WHAT IS EXPECTED: Word for word, copy the line that contains "Cover of Last Big Cats" and each line after it in the data below. Pictures stay out of the copy.

***** AVAILABLE DATA

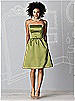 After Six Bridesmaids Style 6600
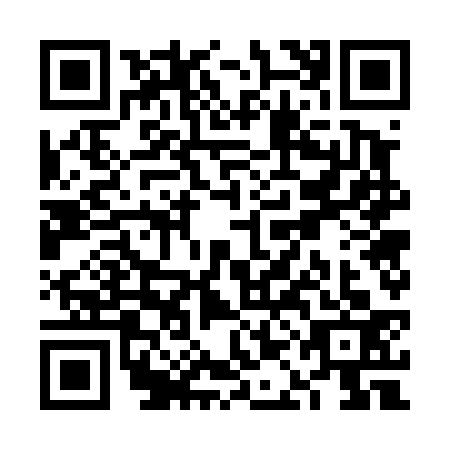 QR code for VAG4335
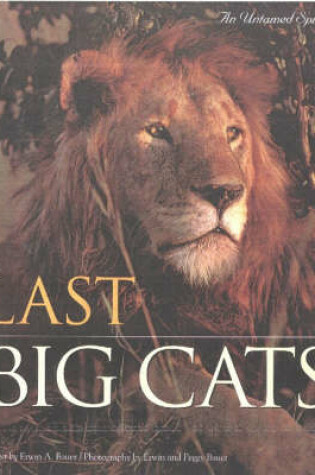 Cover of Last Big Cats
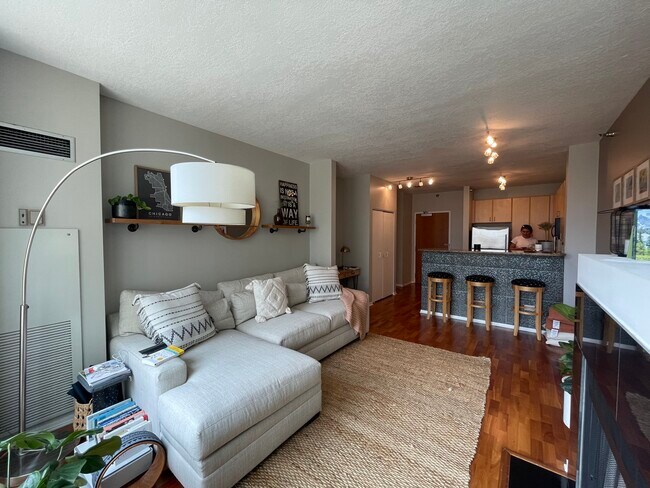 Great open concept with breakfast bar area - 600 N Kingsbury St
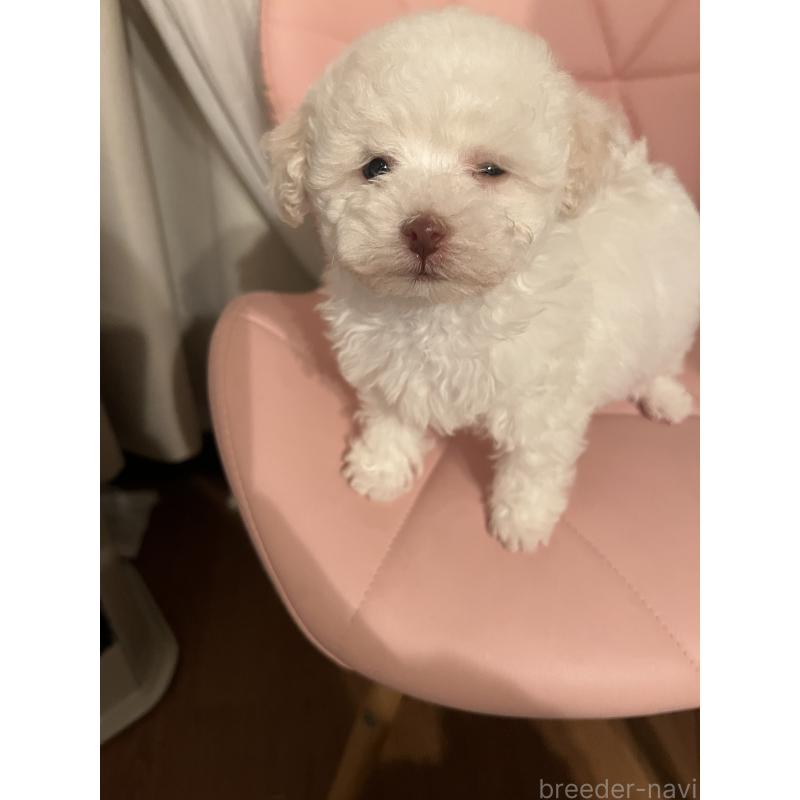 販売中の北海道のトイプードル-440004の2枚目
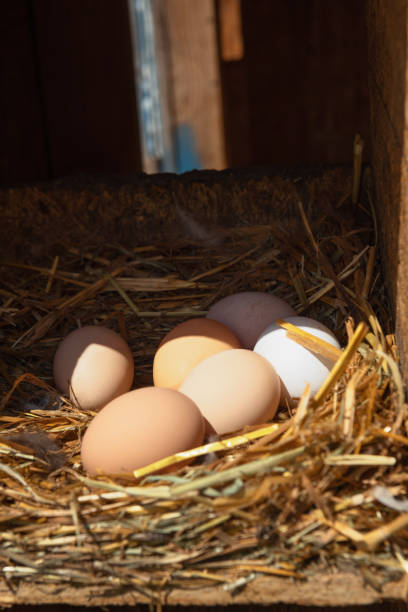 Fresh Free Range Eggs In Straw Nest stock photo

**********

RESULT:
 Cover of Last Big Cats
 Great open concept with breakfast bar area - 600 N Kingsbury St
 販売中の北海道のトイプードル-440004の2枚目
 Fresh Free Range Eggs In Straw Nest stock photo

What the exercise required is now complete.